SUPPLIED DATA:
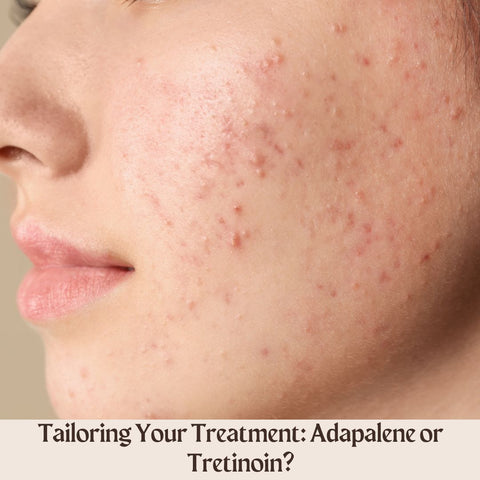 Tailoring Your Treatment: Adapalene or Tretinoin?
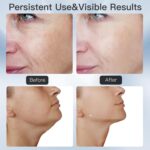 Beauenty Anti Wrinkles Neck Face Massager, Skin Care Face Massage, 3-in-1 Skin Care Tools - Heating, 3 Modes & 9 Vibration Frequencies for Anti-Aging, Smooth and Tightening (Style A) - Image 5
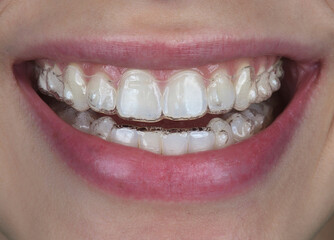 Female model mouth in close showing transparent orthodontic aligner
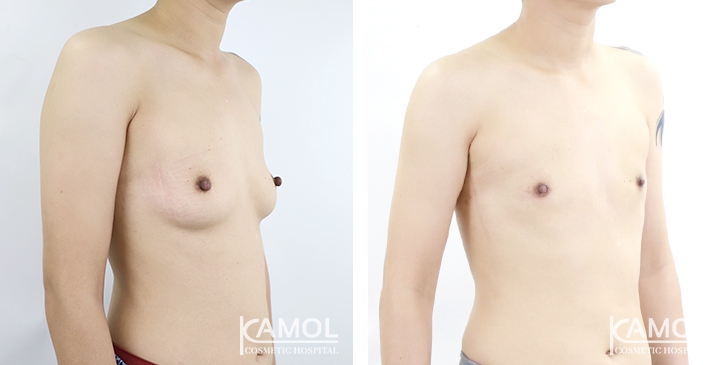 Chirurgie du Torse / Mastectomie 5 lg 6494959965e8d image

DIRECTIONS FOR THIS TASK: Each line above should be written out again exactly, without any image.

ANSWER BOX:
 Tailoring Your Treatment: Adapalene or Tretinoin?
 Beauenty Anti Wrinkles Neck Face Massager, Skin Care Face Massage, 3-in-1 Skin Care Tools - Heating, 3 Modes & 9 Vibration Frequencies for Anti-Aging, Smooth and Tightening (Style A) - Image 5
 Female model mouth in close showing transparent orthodontic aligner
 Chirurgie du Torse / Mastectomie 5 lg 6494959965e8d image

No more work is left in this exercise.